Fake torna su Nove, Valentina Petrini: “Il nostro è servizio pubblico. La missione di quest’anno? Contrastare i negazionisti”
Non solo social e politici: Fake – La fabbrica delle Notizie mette sotto esame anche medici e virologi, tra fonti ambigue e idee personali.
Smontare le bufale in tempo di Covid è una missione civile e sociale, quale del resto dovrebbe essere la funzione stessa del giornalismo. Spesso, però, è proprio un certo giornalismo a fare da cassa da risonanza a contenuti dalla dubbia origine e dalla certa insostenibilità. In epoca di complottismo spinto, di fonti molteplici, di opinioni apparentemente di pari credibilità ma dai contenuti contaddittori, diventa vitale avere degli strumenti per imparare a ‘disinnescare’ troll e bufale. È l’obiettivo di Fake – La Fabbrica delle Notizie che torna questa sera, mercoledì 28 ottobre 2020, alle 23.30 su Nove con la prima puntata del suo nuovo ciclo. La missione di questa seconda stagione è molto netta: avendo vissuto anche l’esperienza di un collega in terapia intensiva c’è ancor più determinazione nel contrastare i negazionisti. E tra le sfide in programma quest’anno anche la copertura live della notte delle Presidenziali USA tra il 3 e il 4 novembre.
Seguiremo il debutto di questa seconda stagione di Fake con il tradizionale live-blogging di TvBlog, ma abbiamo avuto il piacere di una chiacchierata con Valentina Petrini, che ritroviamo alla guida di una squadra che annovera Matteo Flora, David Puente e la new entry Paolo Attivissimo. E abbiamo cercato di esplorare con lei questo insidiosissimo territorio, reso ancora più viscido dalle circostanze: e la ringraziamo per questo viaggio ai confini dell’informazione.
La missione di Fake era già ‘improba’ nell’ottobre 2019 e un anno dopo diventa ancora più ‘sanguinaria’…
Quando abbiamo iniziato, fake news e bufale non erano centrali nel palinsesto tv. Ora vedo che in giro, qua e là, se ne parla: alcuni hanno anche ripreso il nostro marchio di fabbrica, la nostra liturgia di mettere timbri FAKE a titoli e notizie. Sono contenta, vuol dire che siamo nel giusto. Più siamo e meglio è. E poi è un riconoscimento per questa giovane squadra.
Vi siete ritrovati in prima linea all’inizio della Pandemia e ora tornate in onda con un’altra ‘consapevolezza’. Come cambia (se cambia) Fake in epoca COVID?
Siamo stati investiti, come tutti, dall’arrivo della pandemia a gennaio del 2020 e abbiamo sentito l’esigenza di raccontare al nostro pubblico che in tutto il m ondo le fake stavano dilagando più velocemente del virus. L’allarme infodemia lanciato dall’OMS è stata la conferma che serviva occuparcene come fossimo un servizio pubblico. Poi ci siamo dovuti fermare: il 10 marzo ho condotto l’ultima puntata da casa, mentre un nostro giornalista era stato ricoverato in terapia intensiva. Oggi sta bene ed è tornato tra noi.

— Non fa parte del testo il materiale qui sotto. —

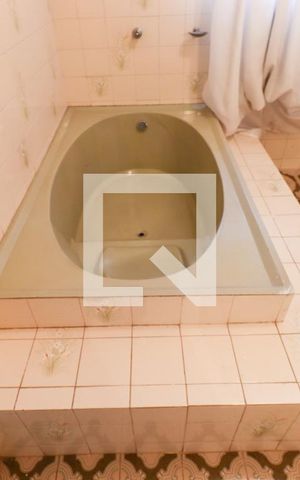 Casa para alugar com 170m², 3 quartos e 4 vagasBanheiro da Suíte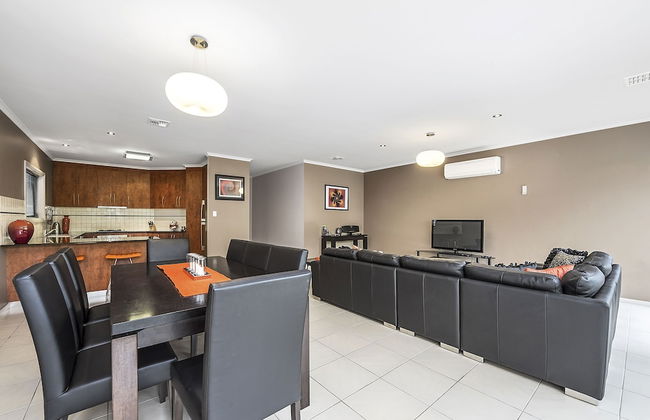 MG Delux Apartment - Photo 4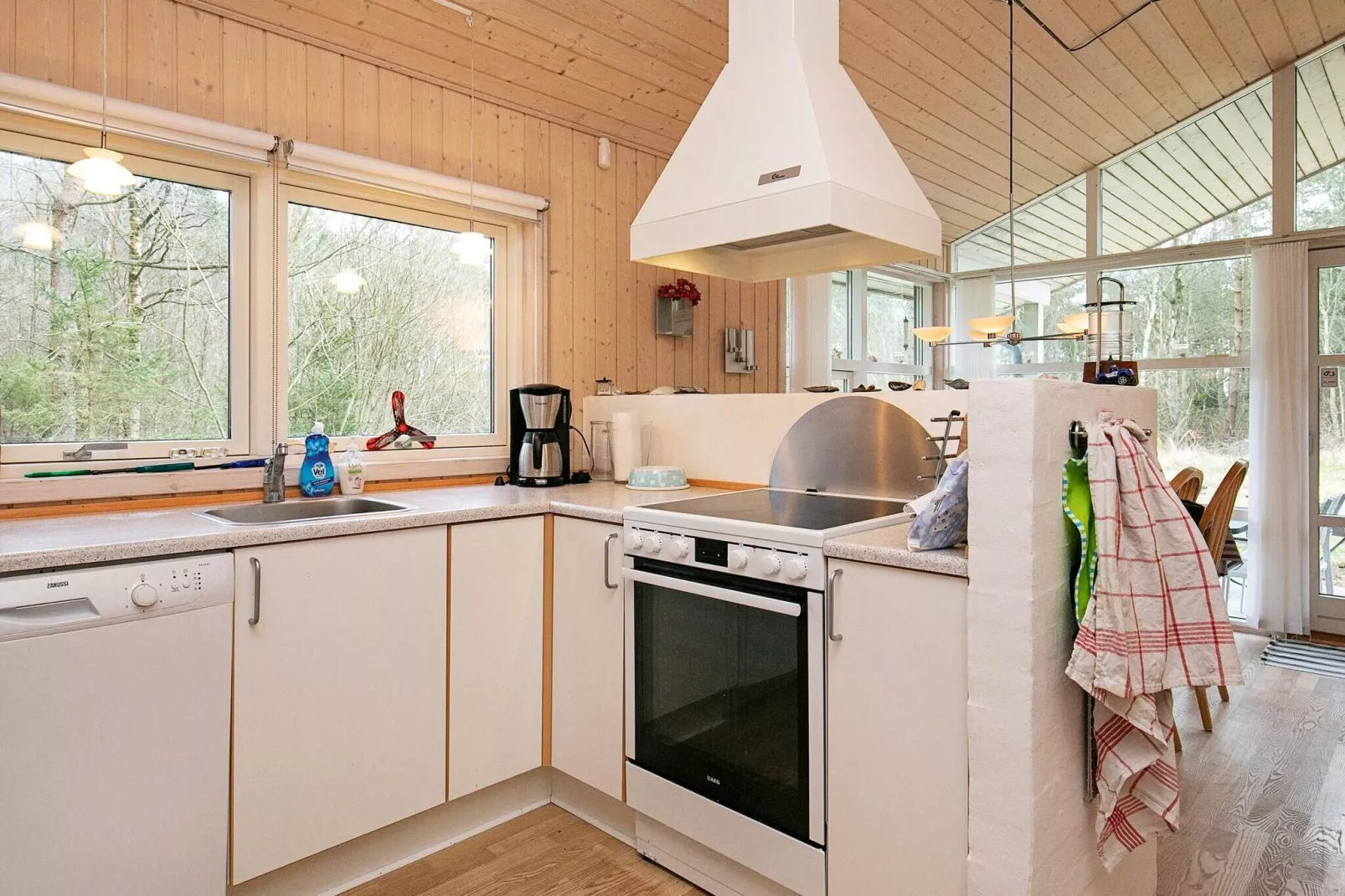 Bright Coastal Retreat in LyngsAY-By Traum-Indoor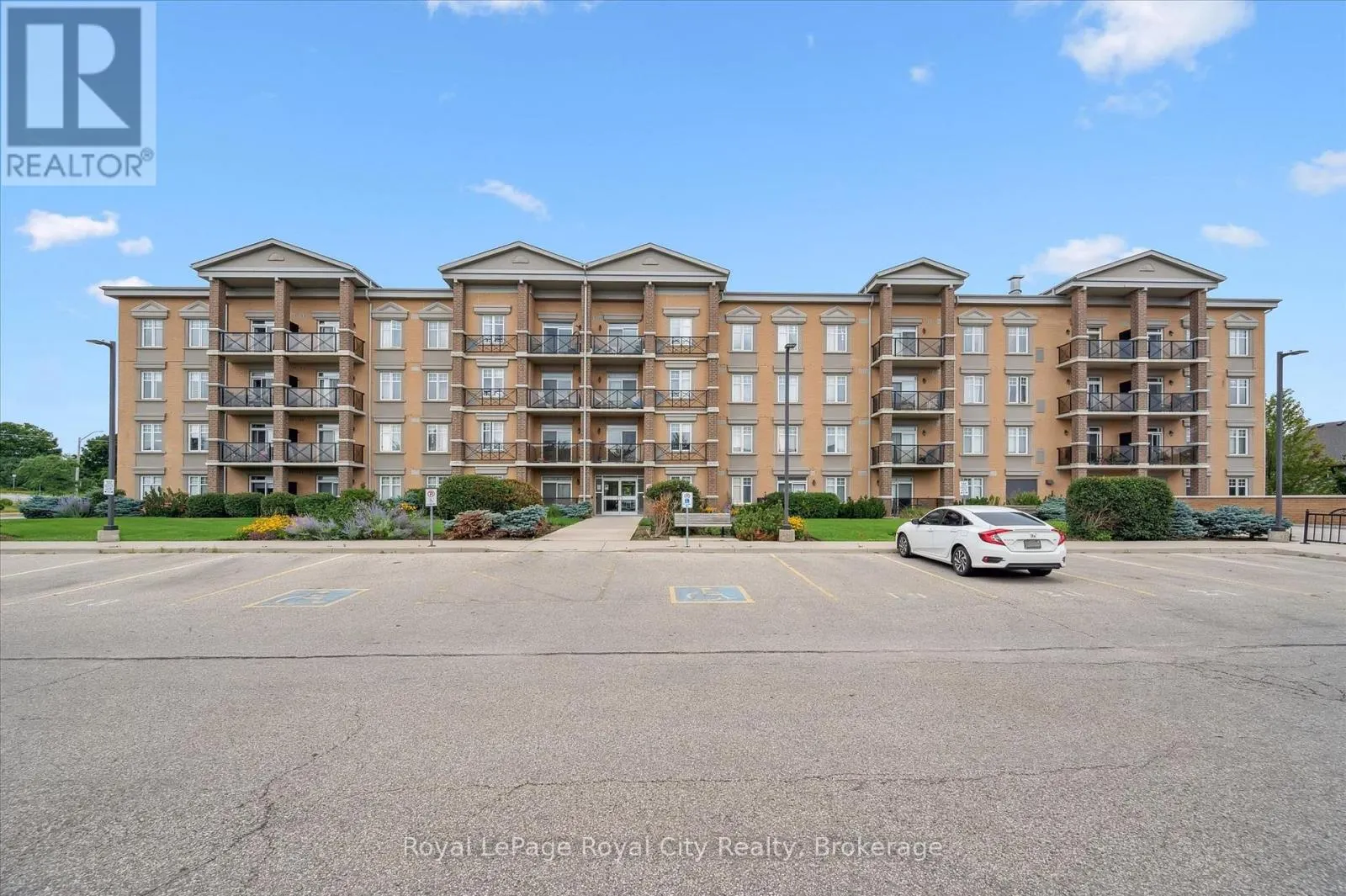403 - 2 COLONIAL DRIVE #403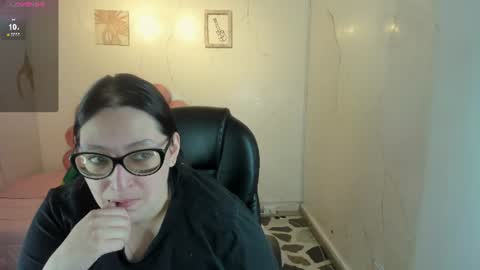 Snapshot of niickyjones chatting on 07-05-26, 12:17 Anni online show from 07-05-26, 12:17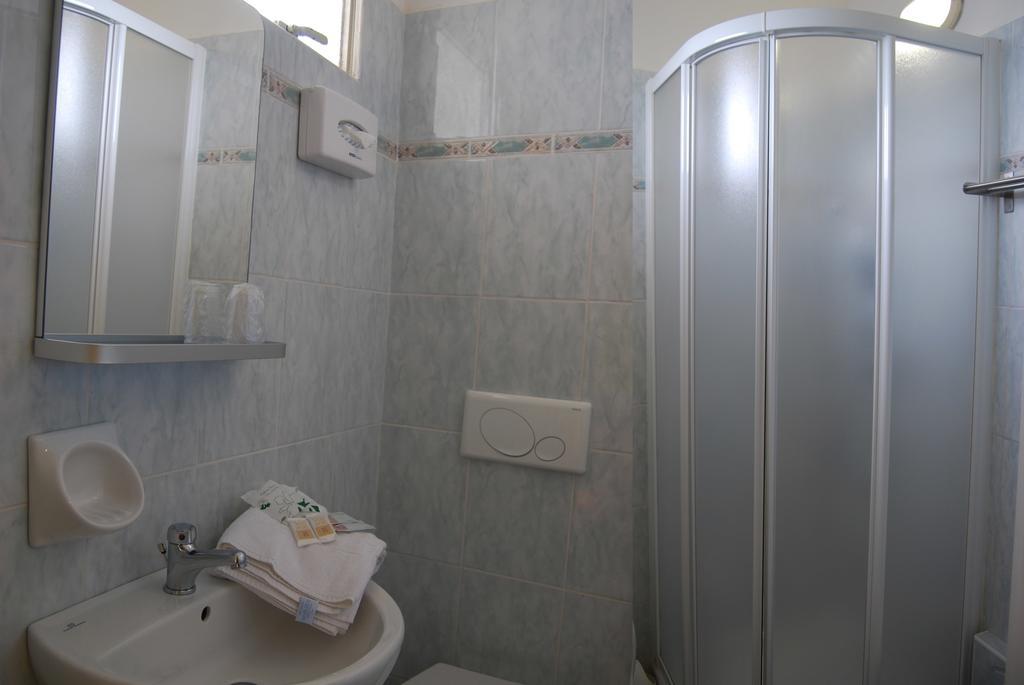 Quadruple Room,215994794:JPEG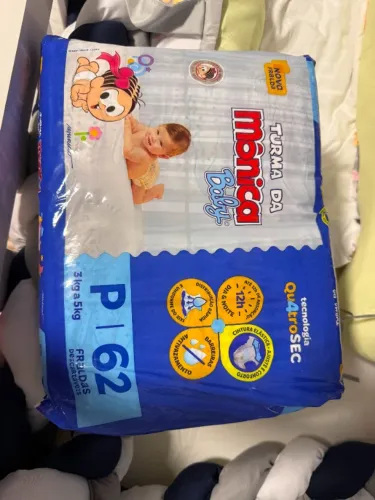 Kit contendo 3 pacotes de Fraldas descartáveis turma da Mônica , 186 fraldas.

I negazionisti non hanno idea di quello che ha passato, non hanno rispetto per i nostri morti. Sarà una missione contrastarli in questa edizione.
Quali sono gli argomenti principali che affronterete nelle prime puntate?
Covid, numeri, curve, pandemia, vaccino: a che punto siamo? Cosa è vero e cosa è falso? E gli annunci dei leader? Anche loro non sfuggiranno alla lente della verifica. Ma questa volta c’è un soggetto nuovo che entra a pieno titolo tra coloro da debunkare: virologi, medici…
Beh, in effetti tra partecipazioni televisive, interviste, slogan lanciati con una certa scioltezza proprio virologi e medici sono diventati ‘leader d’opinione’, ‘usati’ a seconda dello scopo e delle posizioni che si intendono sostenere…
Sono troppi, si contraddicono, stanno creando confusione e noi giornalisti abbiamo il dovere di non sparare nei titoli qualsiasi cosa dicano. La sfida odierna è il rapporto tra scienza e informazione. I temi scientifici non sono più relegati solo alle riviste specializzate, sono di interesse pubblico. Come ce la stiamo cavando? L’ho chiesto a Magdalena Skipper, direttrice di Nature che interverrà più volte nelle puntate di Fake – La Fabbrica delle Notizie. Non è stata buona con noi, ci ha dato un voto al di sotto della sufficienza. Sentirete perché nella prima puntata.
In questi mesi sarebbe dovuta cambiare anche la nostra relazione/conoscenza del virus: in questo senso è cambiato qualcosa nella ‘nostra’ percezione delle fake news, almeno a guardare le domande che vi arrivano in redazione?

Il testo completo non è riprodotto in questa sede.